Rootsの杉山さんからも紹介があったアブダビの Jubail Mangrove Park を一緒に訪れました。
砂漠のイメージが強い中東ですが、これほど豊かな沿岸湿地があることを知って、この機会に必ず自分の目で確かめたいと強く思っていた場所です。

早朝に公園内の木道を歩くと、明るい灰色の干潟の上にマングローブがびっしりと生い茂っていました。ここでは、ペルシア湾の厳しい環境に高い適応力を持つ 「ヒルギダマシ(Grey Mangrove, Avicennia marina)」 が密集しており、東アジアでは見られない野鳥や魚、カニなど、多様な生きものの姿を確認することができました。

 

アブダビの沿岸域には、現在ほぼすべてのエリアにマングローブ林が広がっています。
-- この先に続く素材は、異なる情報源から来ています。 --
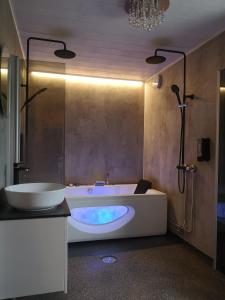 a bathroom with a large tub and a sink at Villa Korkatti in Haapavesi +58 photos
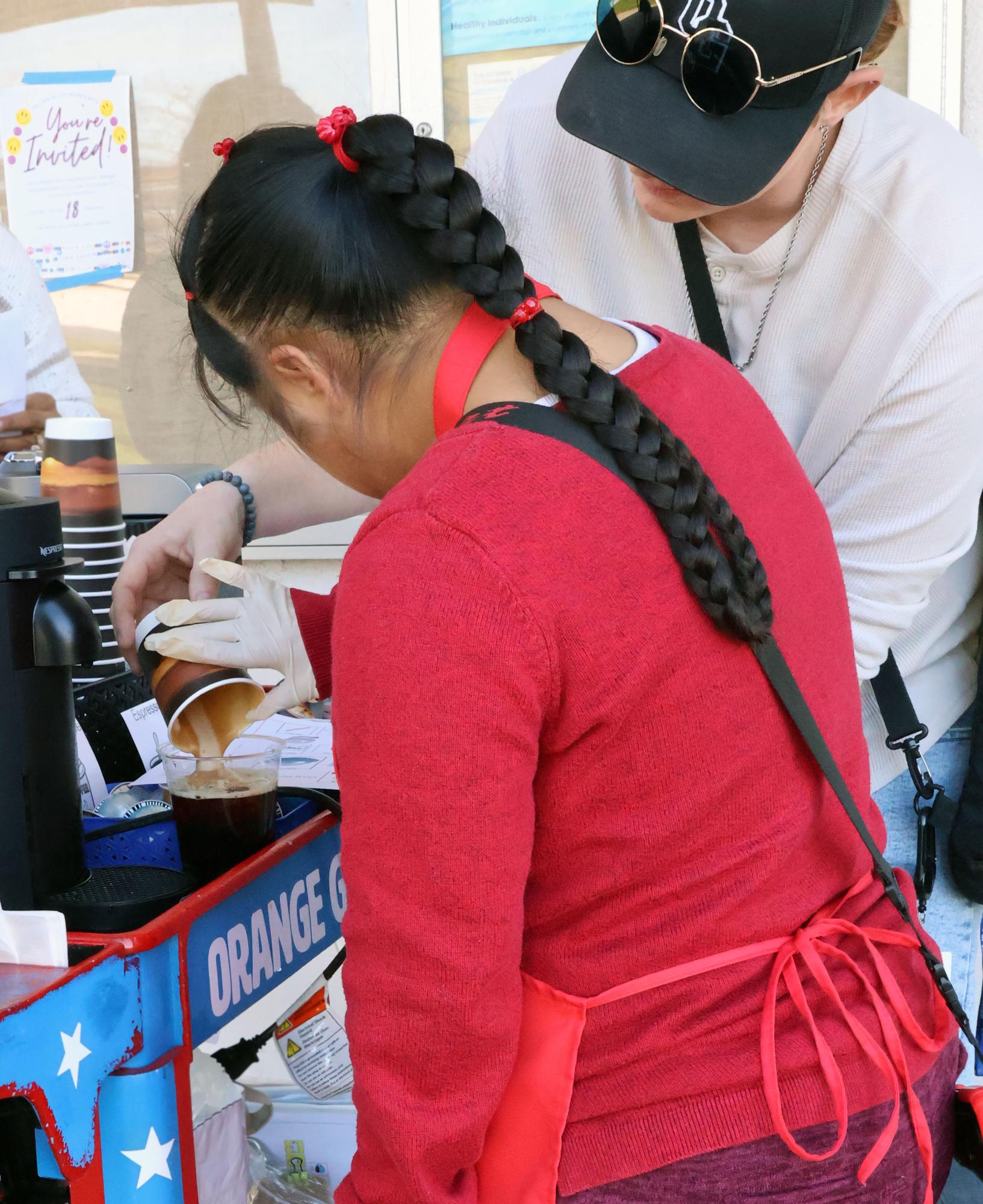 MMMM, aid Mo Fegan is helping Destiny  Carrillo, 11 finish up a coffee that she can deliver. Photo By Sofi Melchor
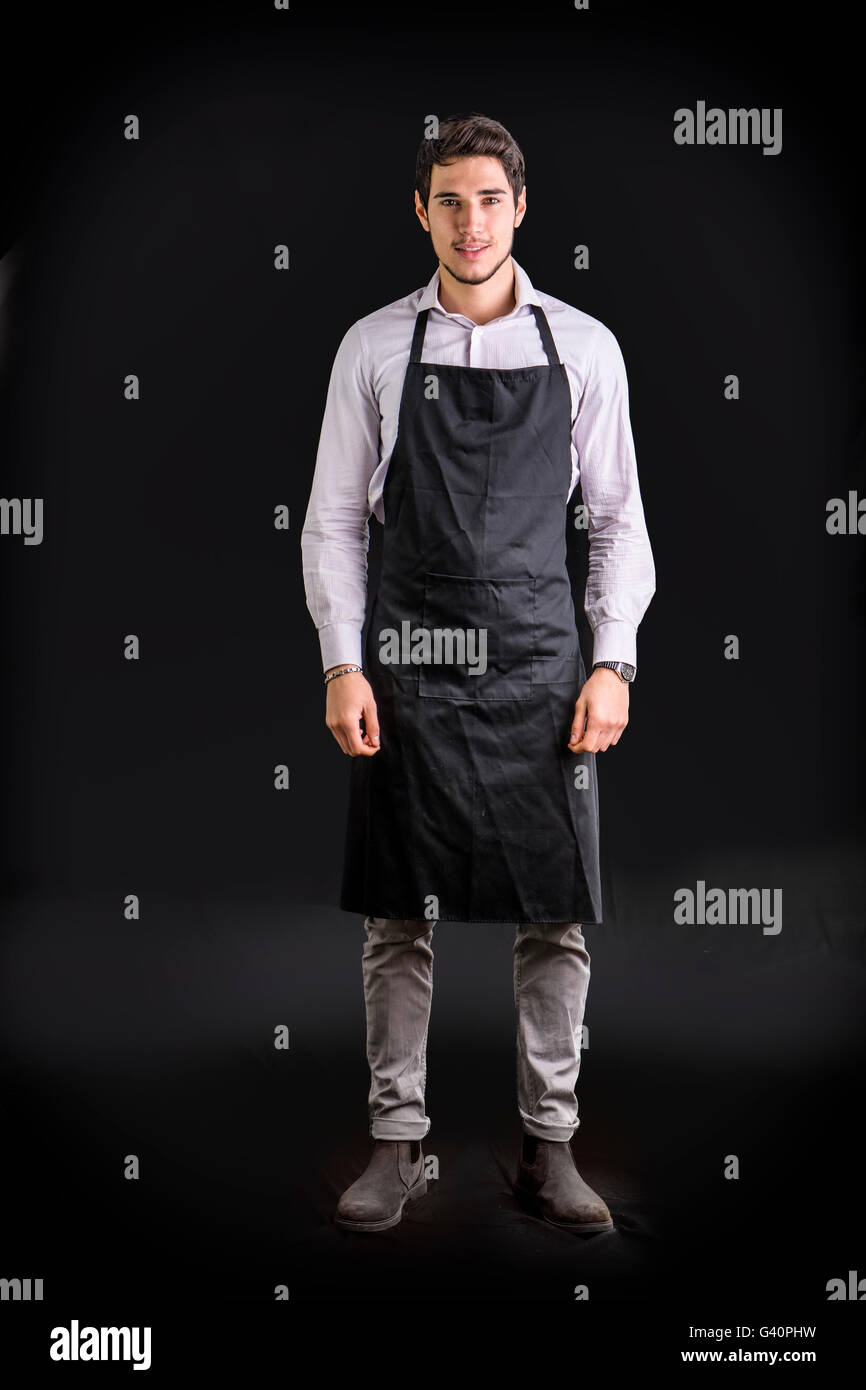 Il giovane chef o il cameriere in posa, indossare un grembiule nero e camicia, su sfondo scuro Foto Stock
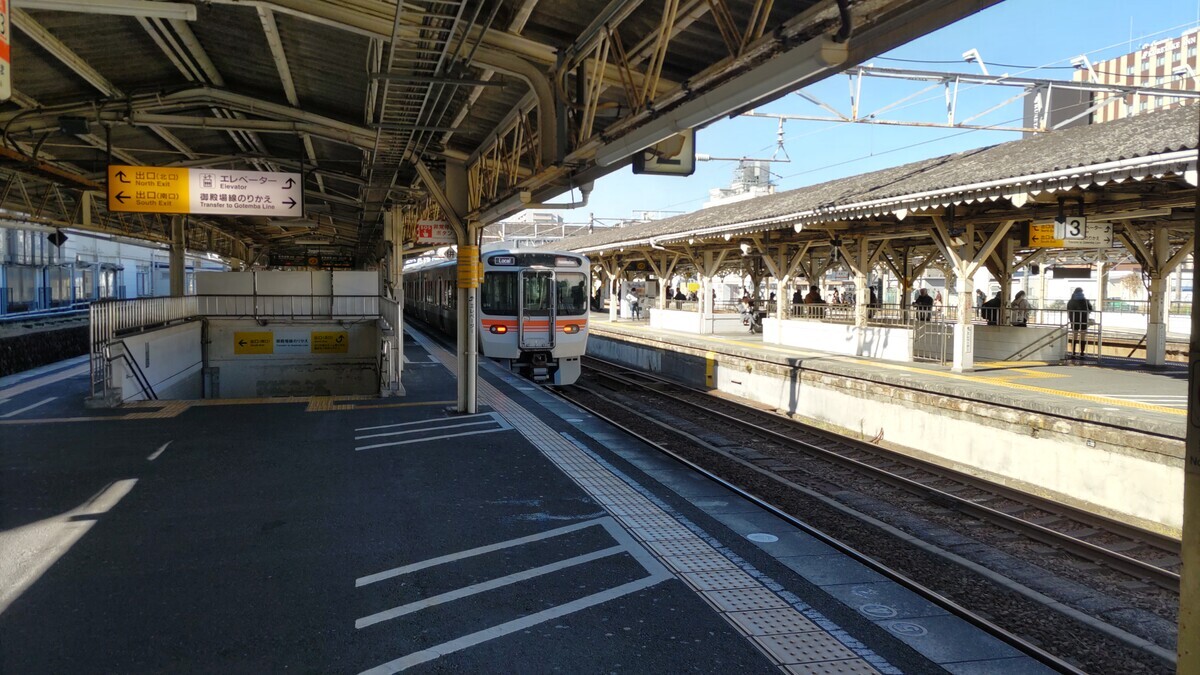 沼津駅のプラットフォームの風景。右側のホームから電車が画面奥へ走っていく。快晴。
その背景には、1970年代から続く政府主導の自然再生事業があります。

 

アブダビ・マングローブ・イニシアティブ


UNFCCC COP26 の場で、UAEは「2030年までに1億本のマングローブを植える」と国際的に公約しており、これを実現するために、民間技術と協働しながら 衛星・ドローン・AI 技術を活用した取り組みを加速させています。

IUCN Congress の会場では、UAEパビリオンやアブダビ環境庁(EAD)の展示ブースにおいて、マングローブ再生の取り組みが紹介されていました。特に印象的だったのは、AIを搭載した自律走行車両やドローン の実機展示です。思っていたよりもずっと大きく、上部のバスケットのような部分にマングローブの種子を入れ、上空から散布していくとのことでした。

 

ドローンは、次のような目的で活用されているそうです。

  1. 再生事業候補地の環境評価
  2. 自然の分布パターンを模倣した適地への播種
  3. 成長・健康状態のモニタリングによる長期的成果の検証

 

EAD展示ブースでお会いした アブドラ・ムヒディーン氏によると、これまでの広範なマングローブの保全・再生をさらに加速させるため、EADは先端技術研究委員会(ATRC)と連携し、IUCN Congress期間中に 「Nature x Abu Dhabi」 という新しいイニシアチブを立ち上げたそうです。また、UAE国内にとどまらず、IUCN、Wetlands International、WWF などの団体が推進しているGlobal Mangrove Alliance などの国際的パートナーシップを通じて、ペルシア湾を越えた広域的な沿岸湿地の再生と管理にも積極的に協力しています。

 

Global Mangrove Alliance

WIネットワークの一員としてGMAの活動は知っていましたが、UAEのナショナルパートナーの具体的な取り組みや、実際にマングローブが再生される現場を目の当たりにすることで、その重要性と現場感を改めて実感できた貴重な体験でした。